At the 2001 UK census, the Chadwell St Mary electoral ward had a population of 9,631. The ethnicity was 97.4% white, 1.0% mixed race, 0.7% Asian, 1.0% black. The place of birth of residents was 96.9% United Kingdom, 0.5% Republic of Ireland, 0.6% other Western European countries, and 2.0% elsewhere. Religion was recorded as 78% Christian, 0.1% Buddhist, 0.2% Hindu, 0.1% Sikh, 0.1% Jewish, and 0.7% Muslim. 14.4% were recorded as having no religion, 0.2% had an alternative religion and 6.3% did not state their religion.

The economic activity of residents aged 16–74 was 37.5% in full-time employment, 12.9% in part-time employment, 5.2% self-employed, 3.6% unemployed, 1.9% students with jobs, 2.1% students without jobs, 18.1% retired, 8.7% looking after home or family, 6.9% permanently sick or disabled and 3.1% economically inactive for other reasons. The industry of employment of residents was 23.9% retail, 14.2% manufacturing, 9.4% construction, 8.8% real estate, 8% health and social work, 5.4% education, 12.2% transport and communications, 3.5% public administration, 4.2% hotels and restaurants, 4.7% finance, 0.8% agriculture and 4.9% other. Compared with national figures, the ward had a relatively high proportion of workers in retail, transport and communications. Of the ward's residents aged 16–74, 6.9% had a higher education qualification or the equivalent, compared with 19.9% nationwide. According to Office for National Statistics estimates, during the period of April 2004 to March 2005 the average gross weekly income of households was £490, compared with an average of £650 in South East England.

In 2007, Chadwell was described by the former local MP, Andrew Mackinlay, as one of the "pensioner hot spots" of Thurrock. Nearly a quarter of the current population is sixty or over.

==Education==
There are three primary schools serving the Chadwell area – Chadwell St Mary Primary, Herringham Primary and Woodside Academy (formerly Woodside Primary), although Woodside is in an adjacent parish. The wood that gives Woodside its name is Terrel's Heath, a now wooded area of former heath in the north east of the parish. The Gateway Academy (Secondary) is shared with Chadwell St Mary and Tilbury (near the corner of Marshfoot Road and St Chad's Road).
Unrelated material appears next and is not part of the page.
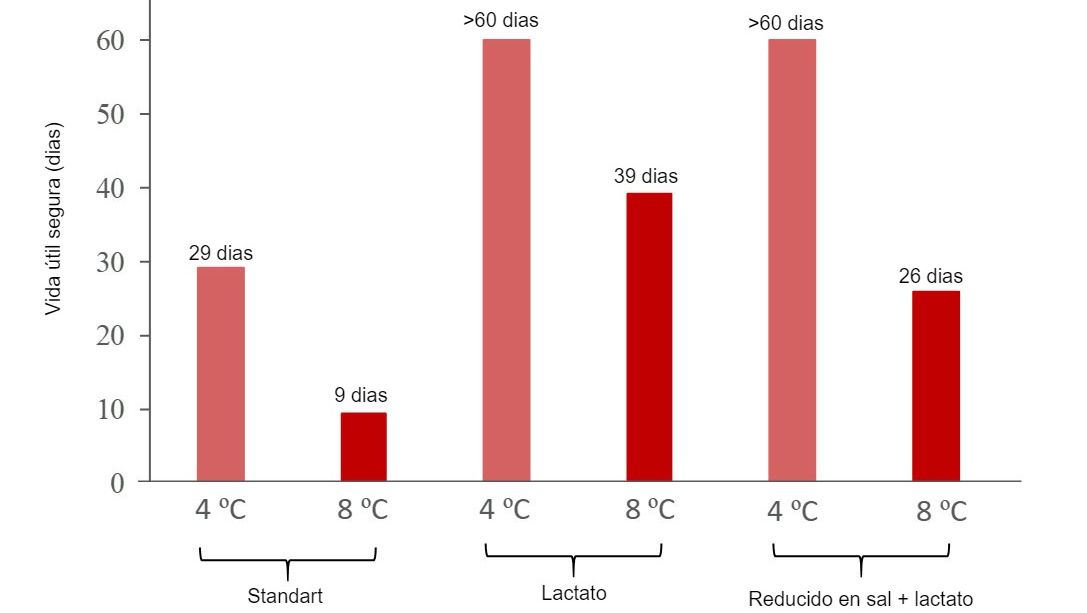 Figura 1. Efeito da temperatura de conserva&ccedil;&atilde;o e a reformula&ccedil;&atilde;o (adi&ccedil;&atilde;o de 0,65% de lactato e redu&ccedil;&atilde;o de NaCl a 1,3%) na vida &uacute;til segura com base no crescimento de L. monocytogenes fiambre em fatias embalado a v&aacute;cuo nas previs&otilde;es proporcionadas pelo modelo predictivo dispon&iacute;vel na aplica&ccedil;&atilde;o FSSP*. *Trata-se de um exemplo fict&iacute;cio, baseado em valores dos factores &ldquo;input&rdquo; do modelo predictivo considerados em Jofr&eacute; et al. 2019. A aplica&ccedil;&atilde;o desta ferramenta requer especificidade para cada tipo de produto e empresa. Formula&ccedil;&atilde;o standart: pH=6.0, aw=0,974, humidade=73,63%, 2,9% sal, 0,75% lactato end&oacute;geno; Formula&ccedil;&atilde;o Lactato: 1,4 % lactato (end&oacute;geno + adicionado); Formula&ccedil;&atilde;o reduzido em sal + lactato: 1,3% sal, 1,4% lactato (end&oacute;geno + adicionado). [CO2]=0%, N&iacute;veis iniciais de L. monocytogenes: 1 ufc/g. Modelo considerando que n&atilde;o h&aacute; fase de lat&ecirc;ncia.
Palmer's Sixth Form College covers Chadwell St Mary and Thames Park Secondary School also covers Chadwell St Mary, although it is just across the parish boundary in Little Thurrock as was the Thurrock campus of the South Essex College of Further and Higher Education before it moved to Grays.

==Politics==
Chadwell has three councillors on Thurrock council. For most recent elections, until 2015, Labour Councillors have been elected. In 2015, a UKIP (subsequently Thurrock Independents) candidate was elected. In the 2021 local elections a Conservative was elected for the first time. Currently elected are Councillor Daniel Chukwu (Labour), Councillor Sara Muldowney (Labour), and Councillor Adam Carter (Conservative).

==Notable people==
James Temple who signed the death warrant for Charles I lived in this parish between 1607 and 1622. Another regicide, Temple's kinsman Edward Whalley also lived in the parish in the 1620s and 1630s.
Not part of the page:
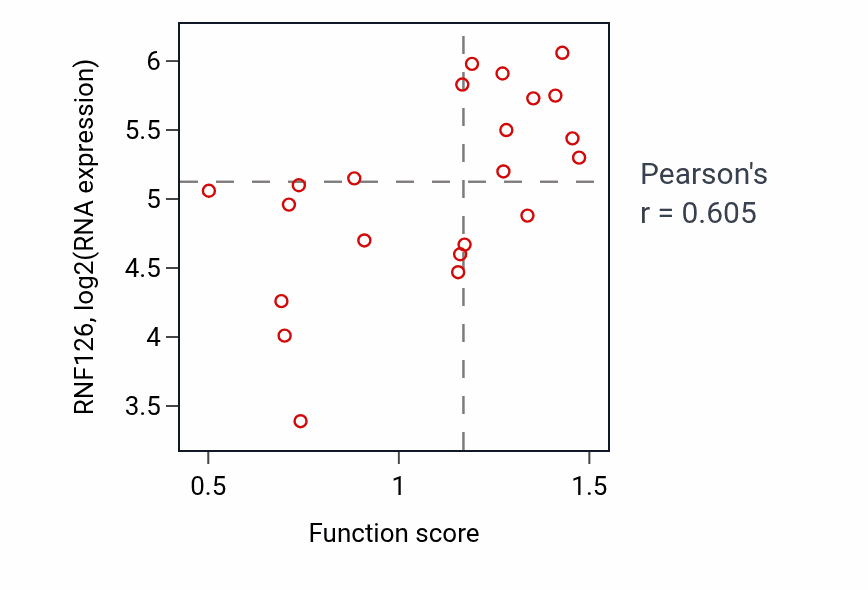 Per-sample scatter of Regulation of protein K63-linked ubiquitination activity vs RNF126 in STOMACH.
World javelin champion, Fatima Whitbread, grew up in Chadwell St Mary after being adopted by the Whitbread family when she was thirteen.

Daniel Defoe, the writer, managed and later owned a tile factory on the Tilbury Marshes (part of Chadwell at the time) and lived in a house on the edge of the river. It is sometimes suggested that Defoe was born in the parish or that his family came from this parish, but research by a local historian has proved this unfounded.

Bobby Howe, ex-West Ham United and Bournemouth & Boscombe footballer, was born in the village.